(Beginning of Data under study)

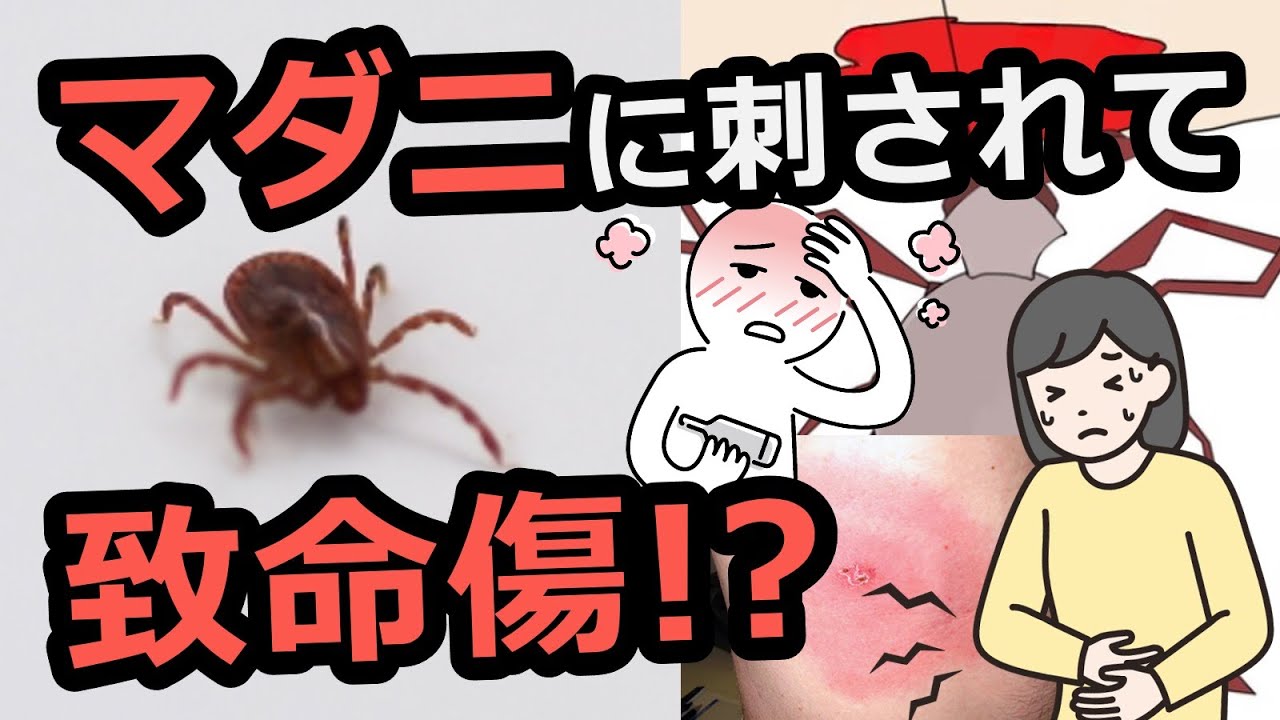 マダニに刺されて感染る感染症は？刺された時の対処法は？ - YouTube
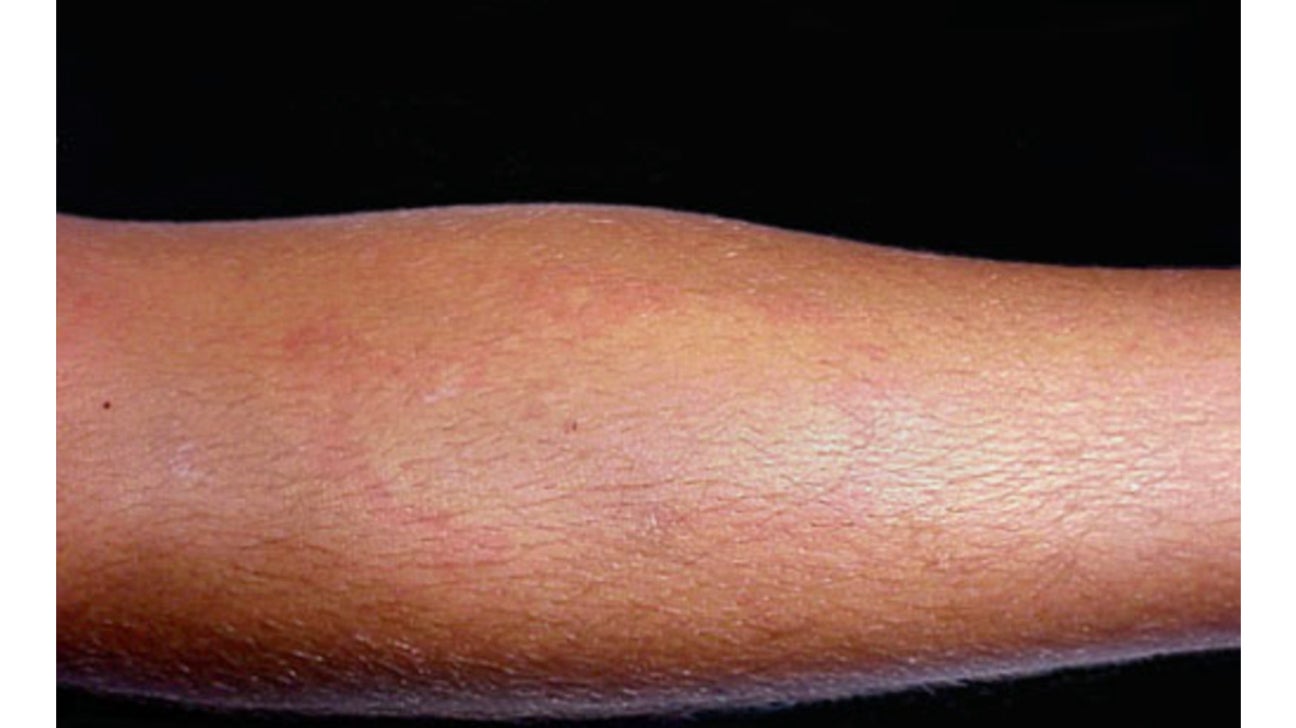 Hives On Black Skin Appearance Symptoms And Pictures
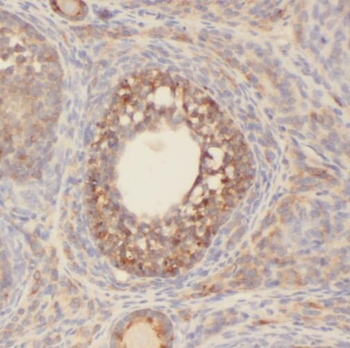 SENP1 Rabbit Polyclonal Antibody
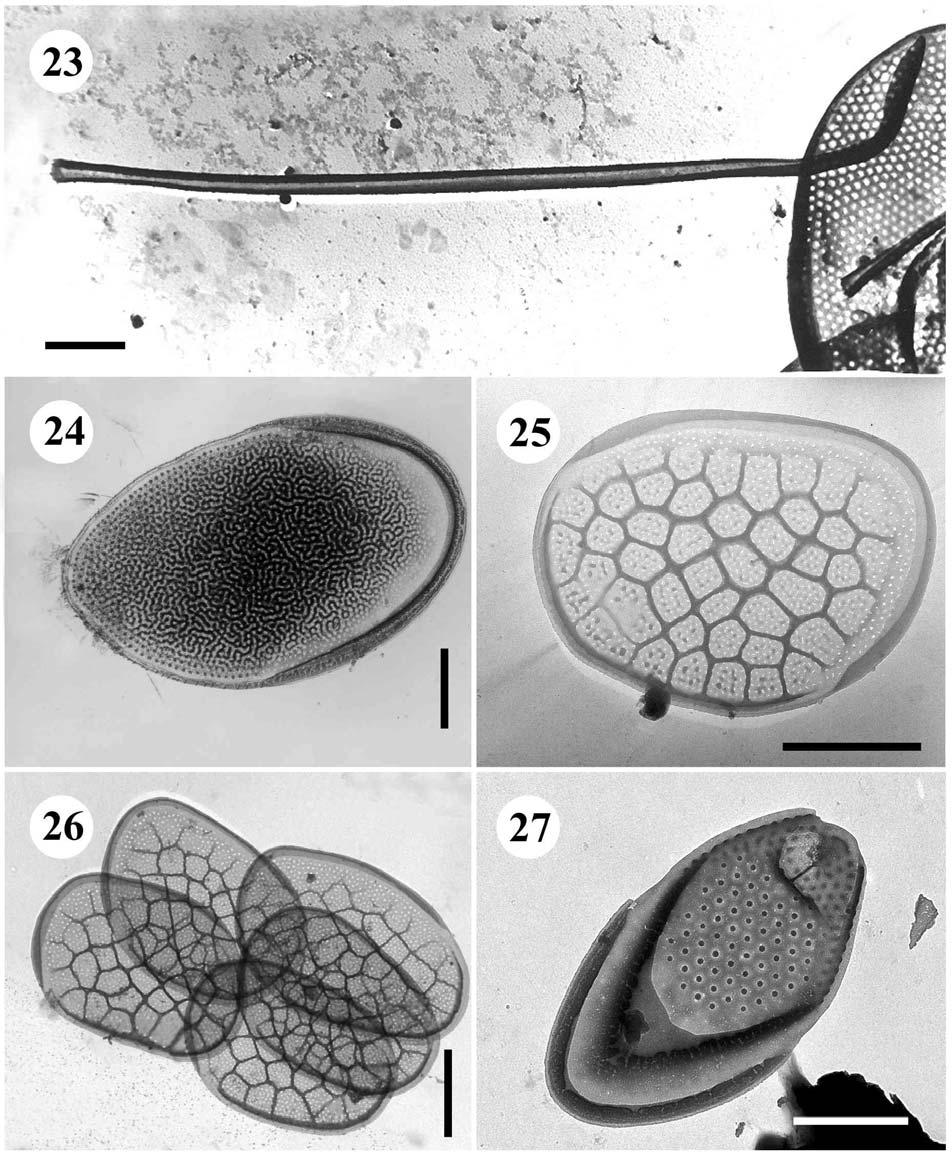 23. Mallomonas matvienkoae var. matvienkoae f. matvienkoae osten, úsečka 1 µm. - 24.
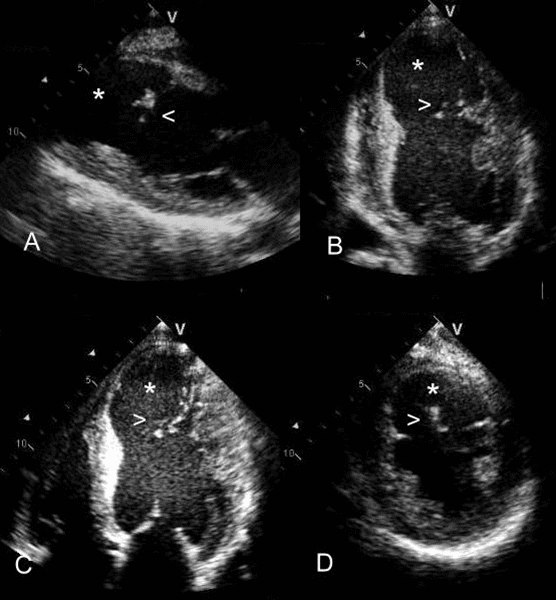 Echocardiographic views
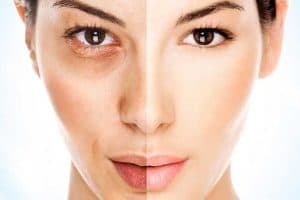 Pigmentation Treatment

(End of Data under study)

[Work to be completed]:
Please retype all of the material exactly, skipping whatever images it holds.

[Response to this task]:
 マダニに刺されて感染る感染症は？刺された時の対処法は？ - YouTube
 Hives On Black Skin Appearance Symptoms And Pictures
 SENP1 Rabbit Polyclonal Antibody
 23. Mallomonas matvienkoae var. matvienkoae f. matvienkoae osten, úsečka 1 µm. - 24.
 Echocardiographic views
 Pigmentation Treatment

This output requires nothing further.